Zmiany Studium wprowadzone w październiku 2010 roku dopuściły jednak możliwość zabudowy powyżej 30 metrów w pobliżu Pałacu (za wyjątkiem parku Świętokrzyskiego), ale też bezpośrednio na północny zachód od pl. Grzybowskiego. Uchwalony równocześnie nowy plan miejscowy otoczenia PKiN ustalił z kolei, że po wschodniej stronie ul. Emilii Plater, a więc w jego bezpośrednim sąsiedztwie, będą mogły powstać trzy wieżowce, a bliżej Al. Jerozolimskich – dwa kolejne, nieco niższe. Ten asymetryczny względem Pałacu układ przestrzenny, jeśli zostanie zrealizowany, osłabi jego dominację w sylwecie miasta. Jeśli, bo jak dotąd, ponad trzy lata po zmianie polityki wysokościowej, nic nie zapowiada jakiejkolwiek inwestycji w granicach planu z zabytkowym Pałacem w centrum. Tymczasem nowe wieżowce projektowane są w innych częściach ścisłego centrum tradycyjnie na podstawie decyzji o warunkach zabudowy. Żeby było śmieszniej (?), prasa ujawniła, że wysokości tak lokalizowanych budynków ustalają najbliżsi współpracownicy prezydent Warszawy przez… głosowanie! Tak więc coś, co niegdyś wydawało się niemożliwe, stało się w stolicy powszechną praktyką, a kreowany w ten sposób chaos – jej nową tożsamością, w której niektórzy dopatrują się nawet pewnych wartości. Rejon Dzikiego Zachodu pozostaje bez planu, pomimo że we wspomnianej analizie napisano o nim m.in. Pasmo Zachodnie zagrożone jest procesem nadmiernego zagęszczenia zabudowy o najwyższym pułapie wysokości oraz zatarciem się urbanistycznej struktury centralnego obszaru City (…). Jeszcze peerelowski początek pokonkursowej realizacji Zachodniego Rejonu Centrum Warszawy jest w pewnym stopniu kontynuowany prostokreślnością wspomnianych budynków hotelu InterContinental, Rondo 1 i wcześniejszego Warszawskiego Centrum Finansowego, ale wyłamuje się z tego porządku (niewysoki na szczęście) kompleks Złotych Tarasów i – przede wszystkim – Żagiel.
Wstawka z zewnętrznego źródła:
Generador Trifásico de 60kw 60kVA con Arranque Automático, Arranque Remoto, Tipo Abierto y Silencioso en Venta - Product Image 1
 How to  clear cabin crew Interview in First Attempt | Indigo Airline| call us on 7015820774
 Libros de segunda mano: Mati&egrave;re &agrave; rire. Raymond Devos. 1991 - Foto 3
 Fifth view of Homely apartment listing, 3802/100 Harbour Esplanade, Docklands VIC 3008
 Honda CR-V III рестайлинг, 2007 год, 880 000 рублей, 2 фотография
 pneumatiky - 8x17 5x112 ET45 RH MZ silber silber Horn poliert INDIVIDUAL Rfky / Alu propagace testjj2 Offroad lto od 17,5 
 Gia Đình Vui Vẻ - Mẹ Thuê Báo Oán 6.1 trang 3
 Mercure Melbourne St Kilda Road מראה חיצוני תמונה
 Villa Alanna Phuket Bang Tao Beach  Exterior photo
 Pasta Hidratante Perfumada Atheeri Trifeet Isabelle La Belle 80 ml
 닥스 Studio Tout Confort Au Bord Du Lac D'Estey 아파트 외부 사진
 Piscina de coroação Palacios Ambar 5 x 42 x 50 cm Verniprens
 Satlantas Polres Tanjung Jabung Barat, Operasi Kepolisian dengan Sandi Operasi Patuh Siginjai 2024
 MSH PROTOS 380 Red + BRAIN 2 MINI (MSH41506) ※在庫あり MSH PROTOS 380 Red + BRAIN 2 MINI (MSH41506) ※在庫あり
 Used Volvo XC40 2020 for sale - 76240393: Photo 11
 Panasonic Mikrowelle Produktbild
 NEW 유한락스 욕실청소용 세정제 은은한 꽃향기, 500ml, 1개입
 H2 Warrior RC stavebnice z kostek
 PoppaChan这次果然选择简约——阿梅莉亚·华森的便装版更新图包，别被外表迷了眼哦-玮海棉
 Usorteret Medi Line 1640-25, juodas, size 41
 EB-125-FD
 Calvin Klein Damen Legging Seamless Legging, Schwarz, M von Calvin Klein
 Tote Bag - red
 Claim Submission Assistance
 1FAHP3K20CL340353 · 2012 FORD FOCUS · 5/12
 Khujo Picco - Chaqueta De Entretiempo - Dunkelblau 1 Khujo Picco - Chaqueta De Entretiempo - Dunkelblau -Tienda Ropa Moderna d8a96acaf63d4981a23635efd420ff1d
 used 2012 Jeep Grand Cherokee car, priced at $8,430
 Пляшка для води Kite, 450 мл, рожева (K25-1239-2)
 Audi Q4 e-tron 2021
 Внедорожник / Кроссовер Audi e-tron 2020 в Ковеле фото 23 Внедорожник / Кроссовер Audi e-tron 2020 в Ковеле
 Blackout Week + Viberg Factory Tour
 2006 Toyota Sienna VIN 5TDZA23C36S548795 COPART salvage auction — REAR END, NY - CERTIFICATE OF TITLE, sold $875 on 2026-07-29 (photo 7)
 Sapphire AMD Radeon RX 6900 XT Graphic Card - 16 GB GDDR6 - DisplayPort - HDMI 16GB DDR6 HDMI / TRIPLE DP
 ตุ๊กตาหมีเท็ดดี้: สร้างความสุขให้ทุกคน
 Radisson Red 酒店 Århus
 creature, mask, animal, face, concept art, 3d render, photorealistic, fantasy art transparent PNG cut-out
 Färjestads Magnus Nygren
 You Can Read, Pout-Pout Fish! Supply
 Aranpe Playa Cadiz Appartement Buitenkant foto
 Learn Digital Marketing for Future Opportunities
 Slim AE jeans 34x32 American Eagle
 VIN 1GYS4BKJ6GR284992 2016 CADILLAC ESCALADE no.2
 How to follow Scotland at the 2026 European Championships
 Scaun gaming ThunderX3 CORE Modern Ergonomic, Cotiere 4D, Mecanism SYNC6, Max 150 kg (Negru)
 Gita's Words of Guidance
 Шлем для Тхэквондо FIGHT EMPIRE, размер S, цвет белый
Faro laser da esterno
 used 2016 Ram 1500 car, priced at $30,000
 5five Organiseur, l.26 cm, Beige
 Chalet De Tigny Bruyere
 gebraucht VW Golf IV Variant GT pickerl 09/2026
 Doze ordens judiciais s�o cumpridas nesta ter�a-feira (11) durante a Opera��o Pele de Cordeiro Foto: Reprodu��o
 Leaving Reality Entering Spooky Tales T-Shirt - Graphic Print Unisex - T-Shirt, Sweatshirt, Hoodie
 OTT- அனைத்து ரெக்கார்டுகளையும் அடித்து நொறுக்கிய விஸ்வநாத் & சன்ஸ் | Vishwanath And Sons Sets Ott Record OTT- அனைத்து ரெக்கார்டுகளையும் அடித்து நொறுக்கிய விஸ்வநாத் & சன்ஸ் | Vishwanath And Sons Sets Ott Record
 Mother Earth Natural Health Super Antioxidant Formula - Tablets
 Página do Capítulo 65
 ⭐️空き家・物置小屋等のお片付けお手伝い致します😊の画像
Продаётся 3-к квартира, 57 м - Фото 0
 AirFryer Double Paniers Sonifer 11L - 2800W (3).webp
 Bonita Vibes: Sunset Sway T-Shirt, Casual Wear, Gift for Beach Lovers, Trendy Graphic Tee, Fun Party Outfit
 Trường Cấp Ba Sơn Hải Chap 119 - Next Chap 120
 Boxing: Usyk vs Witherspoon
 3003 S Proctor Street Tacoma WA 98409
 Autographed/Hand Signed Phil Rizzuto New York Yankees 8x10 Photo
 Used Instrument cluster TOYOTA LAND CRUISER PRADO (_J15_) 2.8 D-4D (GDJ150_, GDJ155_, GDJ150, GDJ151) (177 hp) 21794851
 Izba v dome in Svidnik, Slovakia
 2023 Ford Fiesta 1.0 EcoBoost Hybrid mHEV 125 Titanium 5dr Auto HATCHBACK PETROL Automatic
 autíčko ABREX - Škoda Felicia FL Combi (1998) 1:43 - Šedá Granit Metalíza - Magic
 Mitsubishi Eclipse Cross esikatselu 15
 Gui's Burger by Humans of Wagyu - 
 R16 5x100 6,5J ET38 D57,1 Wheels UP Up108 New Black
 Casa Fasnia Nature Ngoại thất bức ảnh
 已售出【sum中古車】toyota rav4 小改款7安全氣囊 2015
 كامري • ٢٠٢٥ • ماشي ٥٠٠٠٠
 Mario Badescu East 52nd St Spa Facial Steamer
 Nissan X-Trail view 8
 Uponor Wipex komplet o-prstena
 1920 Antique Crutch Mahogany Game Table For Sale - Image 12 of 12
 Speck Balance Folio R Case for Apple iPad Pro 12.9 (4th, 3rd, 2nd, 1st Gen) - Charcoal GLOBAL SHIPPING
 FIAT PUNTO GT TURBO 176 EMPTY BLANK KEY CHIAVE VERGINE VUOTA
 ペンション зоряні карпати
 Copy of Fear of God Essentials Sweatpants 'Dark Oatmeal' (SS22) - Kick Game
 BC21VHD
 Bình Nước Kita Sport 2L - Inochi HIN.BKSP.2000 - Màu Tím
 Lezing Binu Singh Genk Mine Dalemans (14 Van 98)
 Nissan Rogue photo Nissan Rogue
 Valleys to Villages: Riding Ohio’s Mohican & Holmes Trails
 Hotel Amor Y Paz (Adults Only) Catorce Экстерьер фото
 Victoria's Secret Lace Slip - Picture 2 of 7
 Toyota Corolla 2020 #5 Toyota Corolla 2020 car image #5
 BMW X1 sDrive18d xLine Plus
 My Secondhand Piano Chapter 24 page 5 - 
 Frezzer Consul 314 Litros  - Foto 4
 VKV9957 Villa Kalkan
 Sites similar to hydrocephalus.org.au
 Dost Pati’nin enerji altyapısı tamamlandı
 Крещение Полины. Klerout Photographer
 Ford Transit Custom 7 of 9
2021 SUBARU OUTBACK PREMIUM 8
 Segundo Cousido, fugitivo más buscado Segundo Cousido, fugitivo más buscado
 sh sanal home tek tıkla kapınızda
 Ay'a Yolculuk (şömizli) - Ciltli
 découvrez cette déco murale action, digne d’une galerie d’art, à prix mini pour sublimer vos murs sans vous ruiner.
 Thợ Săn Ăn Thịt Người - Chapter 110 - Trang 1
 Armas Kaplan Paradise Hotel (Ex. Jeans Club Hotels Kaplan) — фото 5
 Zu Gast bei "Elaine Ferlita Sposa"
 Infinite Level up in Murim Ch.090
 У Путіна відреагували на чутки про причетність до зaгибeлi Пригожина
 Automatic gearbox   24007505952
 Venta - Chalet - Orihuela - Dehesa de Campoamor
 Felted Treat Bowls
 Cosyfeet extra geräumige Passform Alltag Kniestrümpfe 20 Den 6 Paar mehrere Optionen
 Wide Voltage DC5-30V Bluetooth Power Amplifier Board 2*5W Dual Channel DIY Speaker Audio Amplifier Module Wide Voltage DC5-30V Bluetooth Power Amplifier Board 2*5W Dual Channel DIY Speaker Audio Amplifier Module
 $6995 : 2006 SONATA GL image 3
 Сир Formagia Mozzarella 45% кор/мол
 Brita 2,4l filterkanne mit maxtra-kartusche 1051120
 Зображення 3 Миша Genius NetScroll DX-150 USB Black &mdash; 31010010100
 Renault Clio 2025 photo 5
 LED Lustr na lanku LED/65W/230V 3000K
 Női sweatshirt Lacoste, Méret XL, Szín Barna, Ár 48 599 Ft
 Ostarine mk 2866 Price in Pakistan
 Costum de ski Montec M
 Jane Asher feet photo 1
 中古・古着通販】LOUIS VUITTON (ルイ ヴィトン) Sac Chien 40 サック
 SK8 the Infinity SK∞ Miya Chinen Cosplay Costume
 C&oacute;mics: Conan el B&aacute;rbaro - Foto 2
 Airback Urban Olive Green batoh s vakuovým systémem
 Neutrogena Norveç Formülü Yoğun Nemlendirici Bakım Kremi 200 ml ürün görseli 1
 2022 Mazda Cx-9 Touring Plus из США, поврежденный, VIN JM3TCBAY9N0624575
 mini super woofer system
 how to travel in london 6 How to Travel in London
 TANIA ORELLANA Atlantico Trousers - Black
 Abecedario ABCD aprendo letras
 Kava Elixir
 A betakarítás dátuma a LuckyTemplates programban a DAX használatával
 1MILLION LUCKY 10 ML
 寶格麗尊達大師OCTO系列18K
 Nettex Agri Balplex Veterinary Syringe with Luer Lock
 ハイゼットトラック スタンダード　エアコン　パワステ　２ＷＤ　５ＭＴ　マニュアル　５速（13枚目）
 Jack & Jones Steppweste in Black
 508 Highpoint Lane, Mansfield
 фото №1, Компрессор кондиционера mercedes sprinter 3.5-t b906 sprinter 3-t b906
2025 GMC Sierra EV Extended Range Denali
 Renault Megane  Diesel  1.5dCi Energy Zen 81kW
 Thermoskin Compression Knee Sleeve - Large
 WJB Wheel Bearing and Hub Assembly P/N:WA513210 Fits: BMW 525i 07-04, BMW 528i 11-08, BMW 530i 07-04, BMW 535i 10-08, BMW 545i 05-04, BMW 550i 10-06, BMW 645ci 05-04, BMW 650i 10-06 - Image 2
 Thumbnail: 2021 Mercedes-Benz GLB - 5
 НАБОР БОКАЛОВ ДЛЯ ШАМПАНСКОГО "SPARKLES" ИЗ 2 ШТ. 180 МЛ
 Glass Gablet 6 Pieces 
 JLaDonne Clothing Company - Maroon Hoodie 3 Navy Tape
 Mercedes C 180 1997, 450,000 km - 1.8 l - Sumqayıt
Zdaje sobie z tego sprawę także Libeskind, który niegdyś stwierdził, że nie miał przecież wpływu na lokalizację swojego ikonicznego (w oczekiwaniach i w intencjach) budynku. Tymczasem prosty i smukły apartamentowiec Jahna, pomimo że zdegradował historyczną dominantę pl. Grzybowskiego (kościół Wszystkich Świętych), dość udanie zamyka oś ul. Emilii Plater, przy której wschodniej stronie docelowo stanąć mają przecież następne wysokościowce. Ale czy nie lepiej, aby w tym miejscu wznosił się bardziej wyrazisty Żagiel, a Cosmopolitan towarzyszył w miarę prostemu InterContinentalowi? Tylko do tego trzeba świadomego kształtowania przestrzeni i sylwety miasta przez plany, a nie arbitralnych decyzji, ignorujących kontekst. I nie naprawią tego wysiłki nawet najlepszych architektów. Ład jest bowiem rezultatem planowania, zaś chaos – ambicji aroganckich władz.